That’s most businesses. Uber, however, just called it “surge pricing” and let prices rise with demand. There has been some transitory squawking, but by and large customers have accepted it. Increasingly, the company is following similar logic on the compensation side — that is, rather than setting a commission and leaving it there, Uber seems to be spending a lot of time playing around with the compensation structure, most recently by testing a programme which gives the company a higher cut of the fares, especially from folks who don’t drive that much. Obviously, there are some advantages: The latest structure encourages people to drive full-time rather than part-time, and Uber will make more money off of its part-time drivers than it used to. But there’s a reason most companies don’t do much of this, with either wages or prices.

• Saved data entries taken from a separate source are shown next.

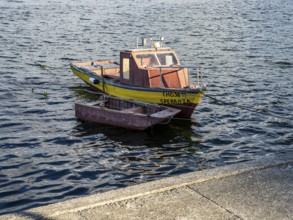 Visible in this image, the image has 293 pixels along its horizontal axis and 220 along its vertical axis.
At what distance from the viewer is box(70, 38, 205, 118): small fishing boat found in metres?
17.2

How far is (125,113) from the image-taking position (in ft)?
54.5

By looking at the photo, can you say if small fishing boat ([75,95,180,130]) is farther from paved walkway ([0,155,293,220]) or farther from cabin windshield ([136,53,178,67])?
paved walkway ([0,155,293,220])

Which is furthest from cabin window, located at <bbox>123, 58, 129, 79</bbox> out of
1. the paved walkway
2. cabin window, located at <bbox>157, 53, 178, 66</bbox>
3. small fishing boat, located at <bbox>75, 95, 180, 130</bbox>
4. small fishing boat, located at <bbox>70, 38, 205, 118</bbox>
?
the paved walkway

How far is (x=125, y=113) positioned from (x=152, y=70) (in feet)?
8.07

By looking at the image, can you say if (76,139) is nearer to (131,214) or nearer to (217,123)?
(217,123)

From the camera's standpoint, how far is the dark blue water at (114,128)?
1300 cm

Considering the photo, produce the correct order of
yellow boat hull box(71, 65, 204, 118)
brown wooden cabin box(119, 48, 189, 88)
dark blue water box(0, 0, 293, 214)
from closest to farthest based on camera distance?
1. dark blue water box(0, 0, 293, 214)
2. yellow boat hull box(71, 65, 204, 118)
3. brown wooden cabin box(119, 48, 189, 88)

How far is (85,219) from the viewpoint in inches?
282

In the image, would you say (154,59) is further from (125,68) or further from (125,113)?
(125,113)

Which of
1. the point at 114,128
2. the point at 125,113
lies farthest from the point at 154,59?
the point at 114,128

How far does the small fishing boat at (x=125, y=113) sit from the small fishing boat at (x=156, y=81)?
1.70 ft

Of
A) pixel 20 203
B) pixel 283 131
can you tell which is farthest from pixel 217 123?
pixel 20 203

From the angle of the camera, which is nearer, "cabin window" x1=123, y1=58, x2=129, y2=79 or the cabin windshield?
the cabin windshield

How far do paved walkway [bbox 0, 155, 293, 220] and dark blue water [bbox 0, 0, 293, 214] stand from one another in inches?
149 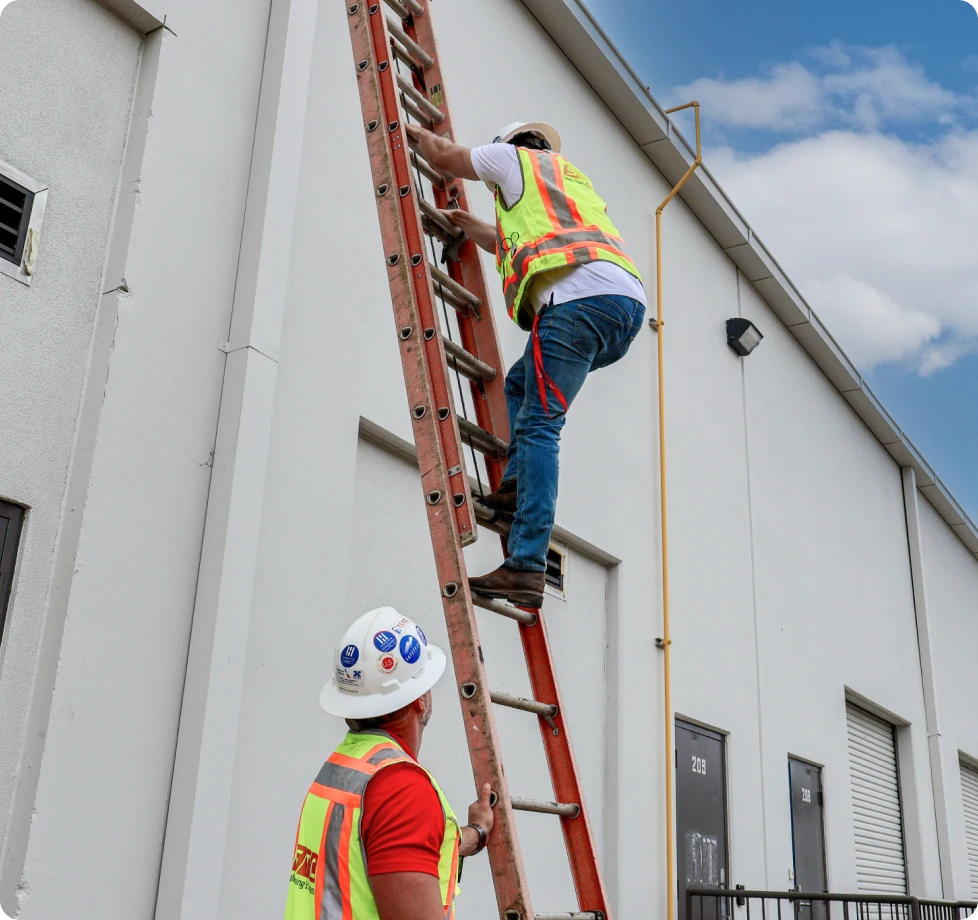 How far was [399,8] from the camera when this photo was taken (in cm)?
512

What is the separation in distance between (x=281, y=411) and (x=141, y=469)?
0.81 meters

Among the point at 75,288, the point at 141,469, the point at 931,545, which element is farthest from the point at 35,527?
the point at 931,545

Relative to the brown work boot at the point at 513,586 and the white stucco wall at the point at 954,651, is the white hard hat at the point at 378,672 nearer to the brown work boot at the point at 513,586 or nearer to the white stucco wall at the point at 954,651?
the brown work boot at the point at 513,586

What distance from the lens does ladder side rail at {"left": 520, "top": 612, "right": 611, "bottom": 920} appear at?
3.31 m

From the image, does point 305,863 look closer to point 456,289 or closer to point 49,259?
point 456,289

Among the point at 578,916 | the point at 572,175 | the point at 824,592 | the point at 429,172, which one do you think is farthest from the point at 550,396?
the point at 824,592

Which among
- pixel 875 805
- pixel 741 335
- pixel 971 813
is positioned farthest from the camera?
pixel 971 813

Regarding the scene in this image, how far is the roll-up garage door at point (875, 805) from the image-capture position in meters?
11.4

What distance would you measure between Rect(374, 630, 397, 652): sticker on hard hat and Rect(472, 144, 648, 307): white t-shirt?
1.62 metres

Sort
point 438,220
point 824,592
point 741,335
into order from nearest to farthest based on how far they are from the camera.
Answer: point 438,220
point 741,335
point 824,592

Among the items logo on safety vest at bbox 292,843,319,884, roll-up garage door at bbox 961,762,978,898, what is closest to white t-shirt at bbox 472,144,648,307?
logo on safety vest at bbox 292,843,319,884

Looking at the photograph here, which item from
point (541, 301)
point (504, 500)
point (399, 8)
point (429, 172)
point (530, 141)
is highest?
point (399, 8)

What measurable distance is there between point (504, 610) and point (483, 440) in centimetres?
84

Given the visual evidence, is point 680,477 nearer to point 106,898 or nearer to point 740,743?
point 740,743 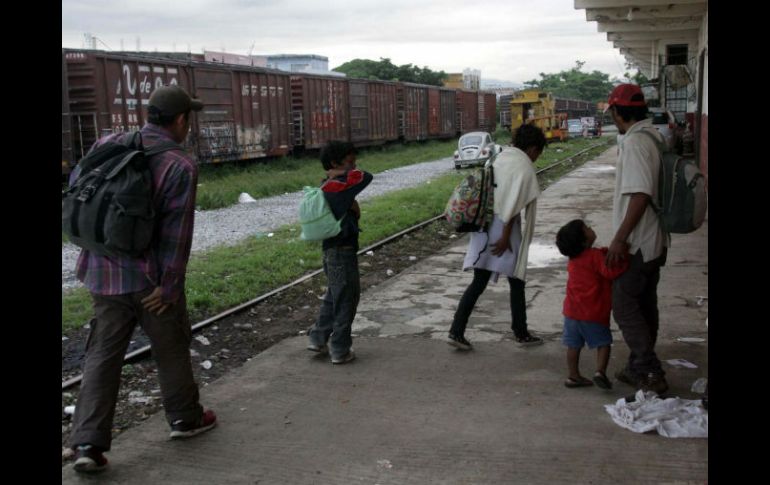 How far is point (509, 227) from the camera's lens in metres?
5.45

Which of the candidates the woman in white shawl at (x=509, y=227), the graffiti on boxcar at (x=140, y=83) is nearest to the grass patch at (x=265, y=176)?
the graffiti on boxcar at (x=140, y=83)

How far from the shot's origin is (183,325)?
4.12 metres

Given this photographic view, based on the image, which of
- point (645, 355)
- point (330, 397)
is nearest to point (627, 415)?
point (645, 355)

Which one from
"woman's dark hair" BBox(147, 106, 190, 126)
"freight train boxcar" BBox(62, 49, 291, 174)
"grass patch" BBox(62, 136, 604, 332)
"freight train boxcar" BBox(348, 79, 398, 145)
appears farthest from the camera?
"freight train boxcar" BBox(348, 79, 398, 145)

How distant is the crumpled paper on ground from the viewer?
4059 mm

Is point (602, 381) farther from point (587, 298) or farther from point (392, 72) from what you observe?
point (392, 72)

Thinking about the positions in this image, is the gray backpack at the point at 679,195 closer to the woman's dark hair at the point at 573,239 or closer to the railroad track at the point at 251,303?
the woman's dark hair at the point at 573,239

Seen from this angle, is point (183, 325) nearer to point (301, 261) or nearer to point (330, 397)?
point (330, 397)

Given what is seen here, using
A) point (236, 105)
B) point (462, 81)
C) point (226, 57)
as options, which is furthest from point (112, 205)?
point (462, 81)

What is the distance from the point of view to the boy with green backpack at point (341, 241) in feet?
17.3

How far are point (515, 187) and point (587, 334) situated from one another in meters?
1.21

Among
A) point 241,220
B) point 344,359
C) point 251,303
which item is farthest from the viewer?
point 241,220

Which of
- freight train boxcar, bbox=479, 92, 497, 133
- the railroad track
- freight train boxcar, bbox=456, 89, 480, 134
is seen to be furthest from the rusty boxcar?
freight train boxcar, bbox=479, 92, 497, 133

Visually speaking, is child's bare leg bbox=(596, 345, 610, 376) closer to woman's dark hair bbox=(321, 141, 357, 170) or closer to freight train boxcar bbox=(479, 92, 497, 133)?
woman's dark hair bbox=(321, 141, 357, 170) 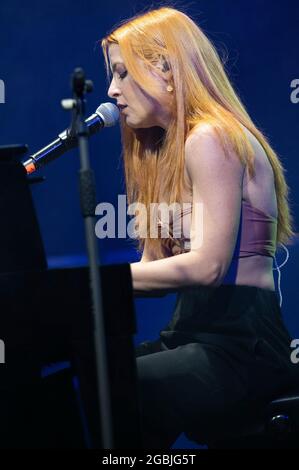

I know, I know: It can seem like companies spend all their time trying to chisel every last dime out of their suppliers and staff. But the surprise in the economic literature is how little they do this, even when they could get away with much more. One reason for that is that the chiselling tends to create some unhappy side effects.
After all, Uber is not exactly the first company to discover that they might be able to make more money by a) shifting the terms of their contracts more often to b) test more lucrative and complicated compensation schemes that c) try to channel behaviour in ways more in line with the company’s goals. Ask any sales rep who’s been in the business for a while, and they can regale you with all the crazy new compensation schemes they’ve lived through, often expensively constructed with the help of outside consultants. And yet, frequently, these efforts end up abandoned. Why?
Because it’s often counterproductive; what you gain in revenue, you lose in morale. A front-line employee or contractor is the public face of your firm. If they think that no matter what they do, you’ll keep altering the payment system in order to shake every last penny out of their pockets, they’ll get surly or quit. Managers will waste a lot of energy having fights about the compensation system. So many companies fall back to something that’s reasonably straightforward and predictable.
Of course, this doesn’t apply as strongly to part-time and contract workers, like Uber drivers; companies are much more willing there to cut pay, or encourage turnover so that they can pay workers less. However, it’s a dangerous strategy for any company whose workers are close to the customers. One disgruntled contractor can do a lot of damage before you figure out what’s happening. And since Uber needs its contractors to invest in and maintain a late-model car, the company probably needs to provide some up-front assurance that the investment in the car will not become an albatross.
The risks of frequent revisions will become a bigger problem as Uber matures. Right now, Uber gets a fair amount of leeway from both customers and drivers because, after all, you don’t have to deal with the company if you don’t want to. They’re not foreclosing the other options you already had, just opening up new ones. Dealing with Uber is, in other words, a form of what Mike Munger has dubbed euvoluntary exchange, which is a fancy Greek way of saying truly voluntary trade.
If I were a contract driver and I didn’t want to drive for Uber, I could drive for Lyft, or apply for a taxi licence, or decide to do something else entirely. As a rider, if I don’t want to pay Uber’s surge pricing, I can resort to whatever I would have done a few years ago, when there was no Uber. So even if I don’t particularly like the deal they offer, it doesn’t feel coercive.
On the other hand, if the company succeeds in pushing taxis and other potential employers out of business, then the deals Uber offers will feel less and less voluntary — which means that the company will get more and more pushback.
But that’s the future risk. There may be a problem already. To gain the sort of competitive advantage it’s seeking, Uber needs to build and maintain a high-quality network of drivers. Frequent shifts in the approach to compensation are going to make that harder. On the other hand, Uber has pretty consistently overcome the obstacles I’ve seen, from regulatory interference to the stigma of price gouging. Maybe the company really does have what it takes to overcome our euvoluntary instincts. Maybe we’ll all start to think like economists.